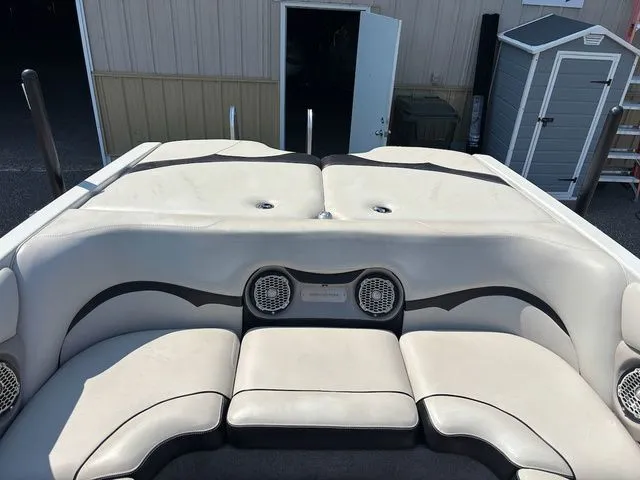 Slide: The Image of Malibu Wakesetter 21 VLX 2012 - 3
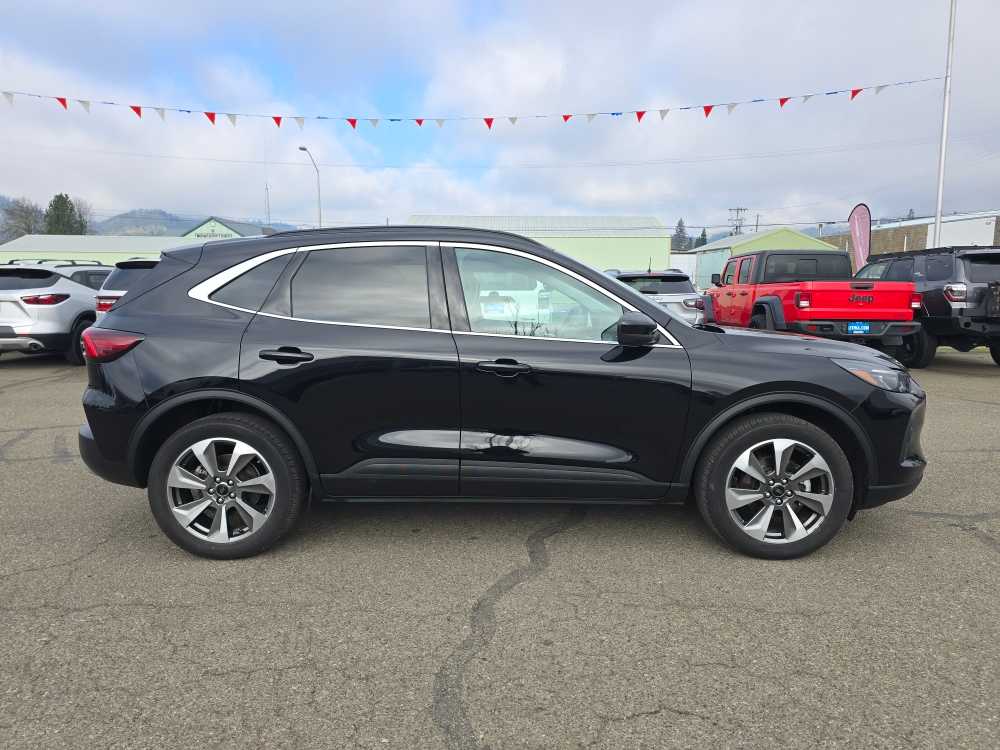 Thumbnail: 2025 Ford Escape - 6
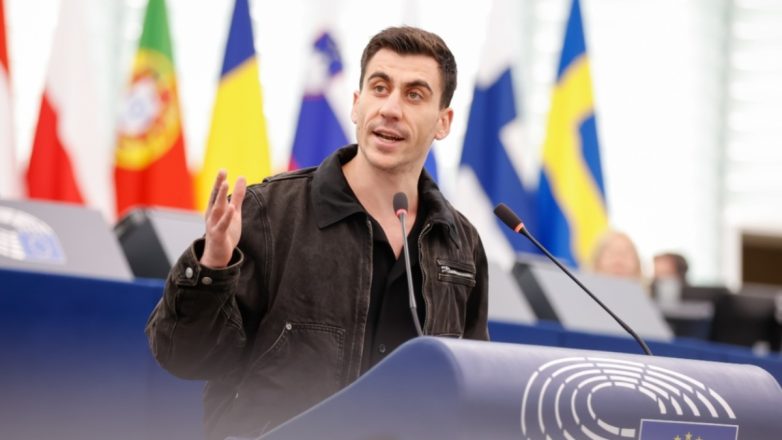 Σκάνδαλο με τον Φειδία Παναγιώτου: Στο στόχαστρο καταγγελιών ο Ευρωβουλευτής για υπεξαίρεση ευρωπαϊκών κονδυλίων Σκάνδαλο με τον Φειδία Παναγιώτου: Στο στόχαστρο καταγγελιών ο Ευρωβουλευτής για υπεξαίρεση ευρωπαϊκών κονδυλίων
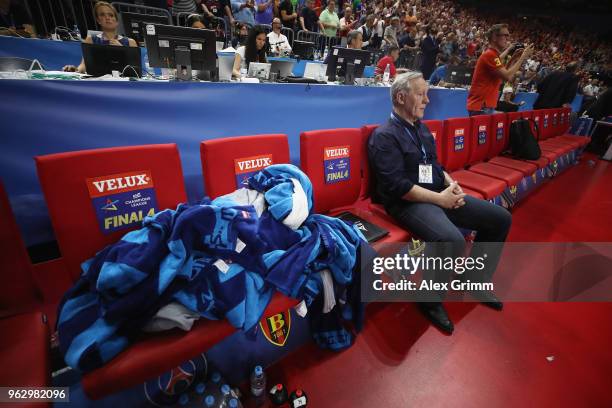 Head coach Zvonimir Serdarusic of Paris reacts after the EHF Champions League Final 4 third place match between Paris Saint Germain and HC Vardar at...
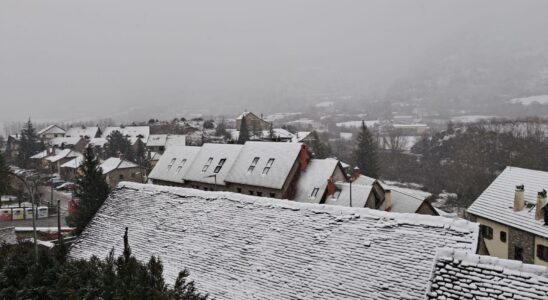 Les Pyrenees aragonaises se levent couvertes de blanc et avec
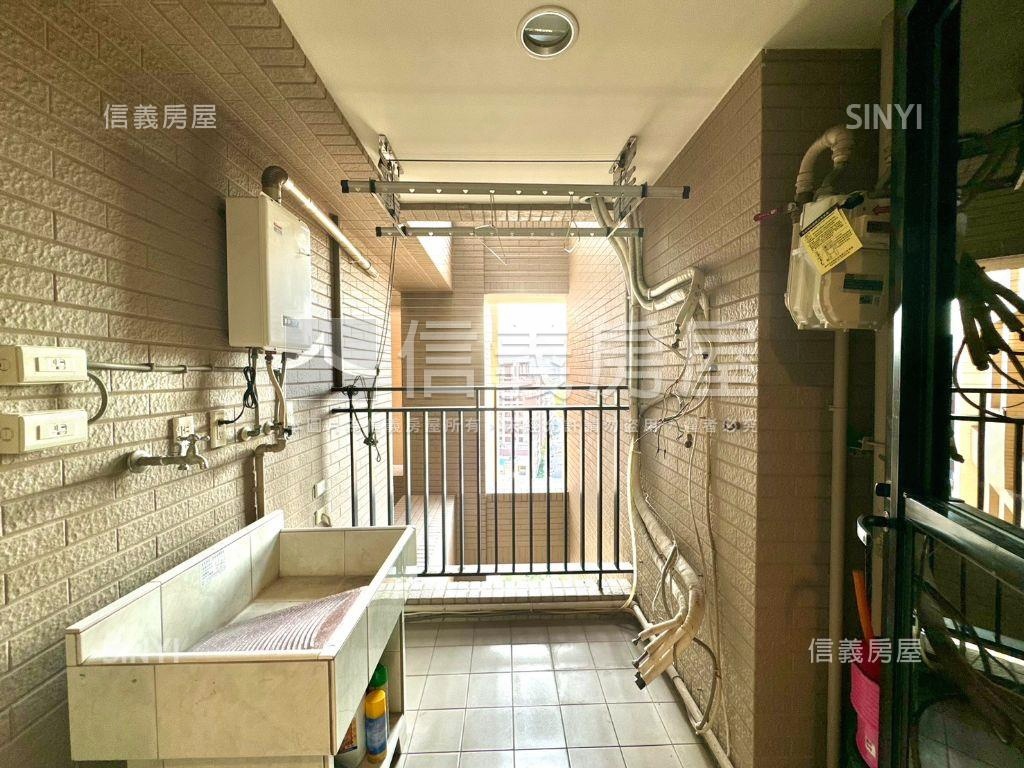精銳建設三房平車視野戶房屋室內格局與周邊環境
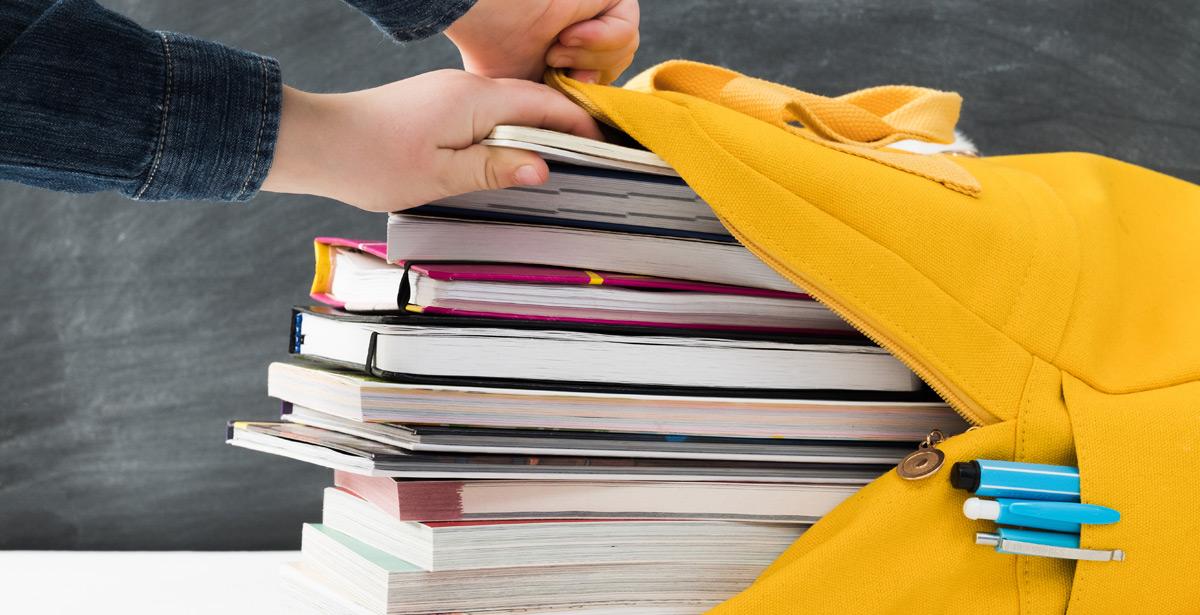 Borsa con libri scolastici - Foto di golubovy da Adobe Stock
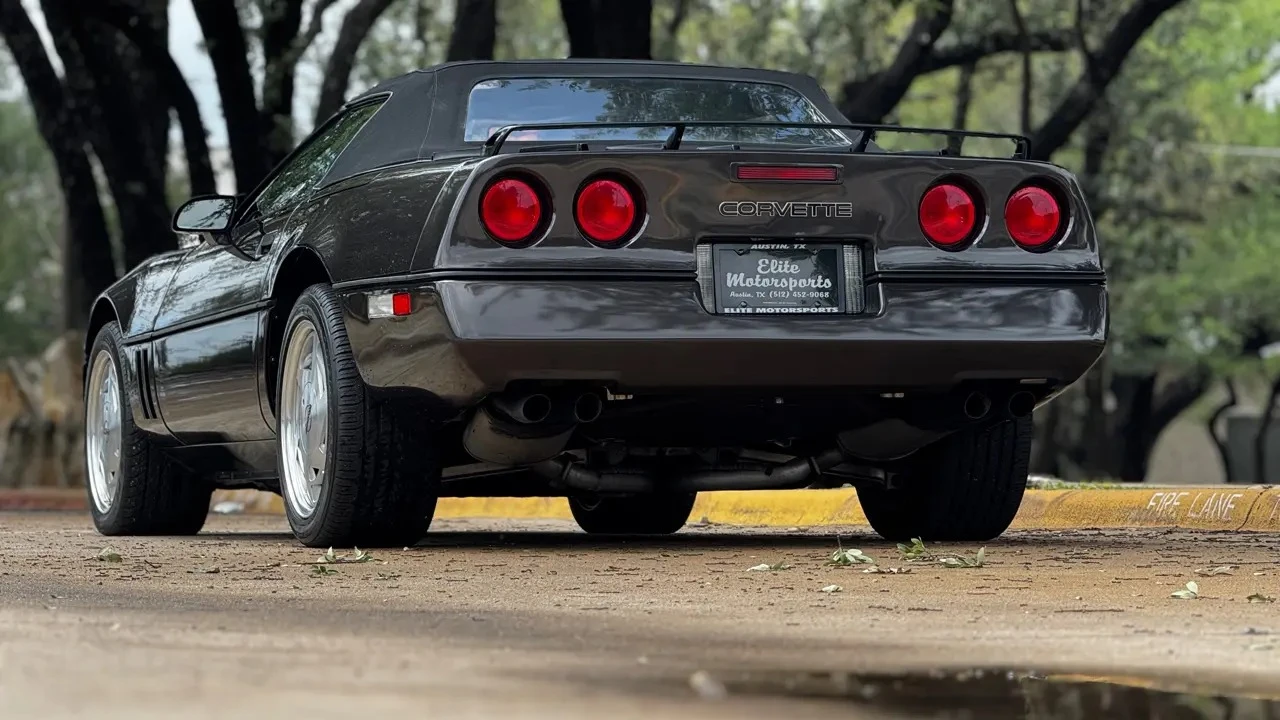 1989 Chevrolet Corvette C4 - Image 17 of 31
------------------------------------
Would you set down every line of the data above exactly, skipping the pictures?

 Slide: The Image of Malibu Wakesetter 21 VLX 2012 - 3
 Thumbnail: 2025 Ford Escape - 6
 Σκάνδαλο με τον Φειδία Παναγιώτου: Στο στόχαστρο καταγγελιών ο Ευρωβουλευτής για υπεξαίρεση ευρωπαϊκών κονδυλίων Σκάνδαλο με τον Φειδία Παναγιώτου: Στο στόχαστρο καταγγελιών ο Ευρωβουλευτής για υπεξαίρεση ευρωπαϊκών κονδυλίων
 Head coach Zvonimir Serdarusic of Paris reacts after the EHF Champions League Final 4 third place match between Paris Saint Germain and HC Vardar at...
 Les Pyrenees aragonaises se levent couvertes de blanc et avec
精銳建設三房平車視野戶房屋室內格局與周邊環境
 Borsa con libri scolastici - Foto di golubovy da Adobe Stock
 1989 Chevrolet Corvette C4 - Image 17 of 31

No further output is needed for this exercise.